My point is, in order to teach me how to handle the gun and situations that could arise, my dad introduced to me the concept of scenarios. He didn’t call it that, but that’s what it was. He put into my mind the ideas of things that could happen and asked me to come up with how I should handle those situations. A few years later, as I became a driver and took my much younger sister out to movies and things, I would run through scenarios on my own to try to prepare myself mentally should we be accosted somewhere by someone who wanted to carjack or abduct us, and a few years later, I worked for our sheriff’s department (as a secretary in CID) and learned first hand some of the consequences of not being prepared for the worst. I took classes given through the department on self-preservation and rape prevention, but I think one of the greatest teachers I had was that of the crime reports that I typed and things I learned from them.
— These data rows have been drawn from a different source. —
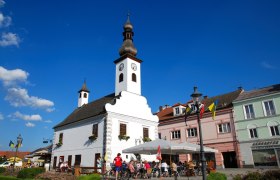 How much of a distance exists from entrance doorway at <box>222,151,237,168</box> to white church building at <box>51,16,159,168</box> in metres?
10.9

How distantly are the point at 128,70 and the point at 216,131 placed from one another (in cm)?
1578

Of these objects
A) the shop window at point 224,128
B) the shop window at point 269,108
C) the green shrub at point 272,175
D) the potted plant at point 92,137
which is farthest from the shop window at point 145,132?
the green shrub at point 272,175

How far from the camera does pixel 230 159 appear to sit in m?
33.7

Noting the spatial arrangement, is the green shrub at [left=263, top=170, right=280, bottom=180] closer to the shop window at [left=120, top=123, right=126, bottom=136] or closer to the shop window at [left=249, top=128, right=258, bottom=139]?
the shop window at [left=120, top=123, right=126, bottom=136]

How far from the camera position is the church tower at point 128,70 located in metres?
32.3

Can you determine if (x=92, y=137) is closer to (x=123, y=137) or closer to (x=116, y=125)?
(x=116, y=125)

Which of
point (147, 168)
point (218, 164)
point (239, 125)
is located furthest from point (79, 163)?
point (239, 125)

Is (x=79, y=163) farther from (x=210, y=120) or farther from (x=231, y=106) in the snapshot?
(x=231, y=106)

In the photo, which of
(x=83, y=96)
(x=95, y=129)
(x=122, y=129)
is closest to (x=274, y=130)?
(x=122, y=129)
For a long time, I thought that I was the only one who ran “scenarios” in my mind. Then, when I met my husband, I would notice sometimes that as we were driving along somewhere, I’d look over at him and see him with his jaw set and a “don’t you mess with me” expression in his eye. Since there was nothing that I had seen to precede this behavior, and I knew he wasn’t angry with me, I finally asked him one day “what are you thinking?” when he explained to me that something that he’d seen in passing triggered his going into a daydream about a scenario and what he would do if he encountered it, I think I knew then that I’d met my prince.
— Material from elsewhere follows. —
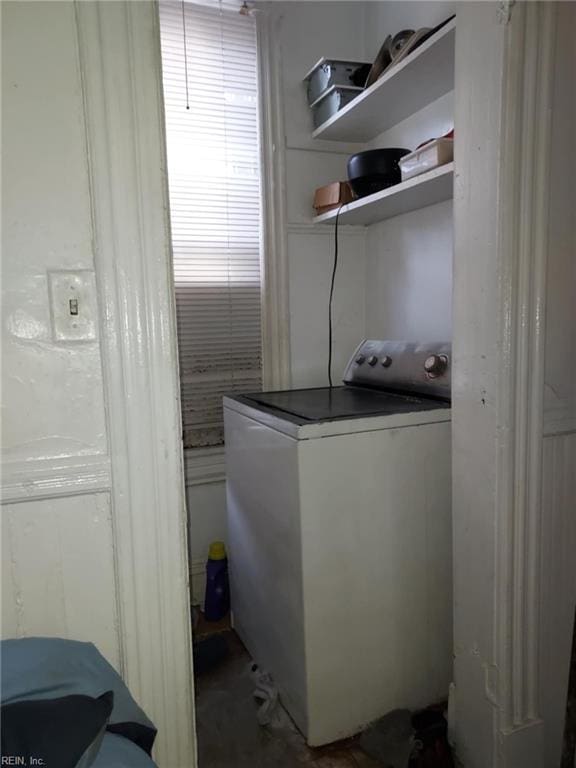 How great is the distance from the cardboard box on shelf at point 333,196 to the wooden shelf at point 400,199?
33 mm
Before we married, my home was broken into one day while I was at work. I arrived home, went to check the answering machine, and to my horror, it was gone. I can’t imagine that any thief today would bother with an answering machine, hehehe – but it was no laughing matter at the time. It took probably a full minute for the impact to sink in – for me to realize that my jewelry box was lying upside down on the bed, that a pillowcase was taken from the bed, etc. It was fairly obvious that my arrival home had probably scared the thief away – my VCR had been partially pulled out but not removed and screens were slit in both my kitchen window and a back door. All these years later, I still remember vividly how violated and angry I felt that some stranger had entered MY home and taken MY personal property. I felt deeply the lack of control and the powerlessness to stop what I’d not known was happening, but I quickly took action to insure that no more harm be done. I was a victim I suppose, in the the strictest sense of the word, but I wasn’t going to lie down and be victimized further.
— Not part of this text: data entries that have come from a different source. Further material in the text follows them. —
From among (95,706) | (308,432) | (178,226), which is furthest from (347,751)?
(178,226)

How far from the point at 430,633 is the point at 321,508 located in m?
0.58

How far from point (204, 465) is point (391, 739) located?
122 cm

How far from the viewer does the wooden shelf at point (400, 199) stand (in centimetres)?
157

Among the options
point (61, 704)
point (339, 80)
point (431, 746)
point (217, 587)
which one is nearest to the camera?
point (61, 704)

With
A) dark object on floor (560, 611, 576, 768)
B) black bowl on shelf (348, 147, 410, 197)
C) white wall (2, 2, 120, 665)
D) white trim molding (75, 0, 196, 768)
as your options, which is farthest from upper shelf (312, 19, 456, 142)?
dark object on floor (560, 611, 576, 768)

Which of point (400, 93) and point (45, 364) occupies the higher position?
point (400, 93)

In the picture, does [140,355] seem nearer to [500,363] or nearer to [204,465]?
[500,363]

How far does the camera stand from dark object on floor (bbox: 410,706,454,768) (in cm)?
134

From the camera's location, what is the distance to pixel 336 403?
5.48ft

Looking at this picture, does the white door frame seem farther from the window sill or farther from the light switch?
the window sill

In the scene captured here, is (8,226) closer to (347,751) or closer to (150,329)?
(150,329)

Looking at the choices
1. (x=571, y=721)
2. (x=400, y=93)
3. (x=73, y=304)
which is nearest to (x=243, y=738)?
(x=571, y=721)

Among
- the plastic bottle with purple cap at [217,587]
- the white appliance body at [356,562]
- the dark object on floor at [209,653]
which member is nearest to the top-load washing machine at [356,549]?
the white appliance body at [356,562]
As soon as I realized what had happened, I retrieved the small handgun that I’d had hidden and made a tour of the house – looking under the beds and in every closet, gun in hand. I then made two calls – one to my fiance and the other to the Sheriff’s department. Fortunately for me, hubby-to-be arrived first finding me standing in my driveway, gun in hand. He convinced me that it would be best to put that away and not mention it.

As sad as that was, I’m sure he was right. At that time, laws concerning handguns were more strict in Florida than they are now, and my gun could very well have been confiscated. It wasn’t, and for many years after, I carried it with me in my vehicle wherever I went. Like my dad before me, I resolved never to be caught unawares.

Things are a little different now – I’m home most of the time with my daughters – but I noticed that Daisy has brought back the “Red Ryder” again and they’re selling at our local Wal-Mart. Maybe it’s time I buy one for my gals – I’m definitely NOT raising them to become victims.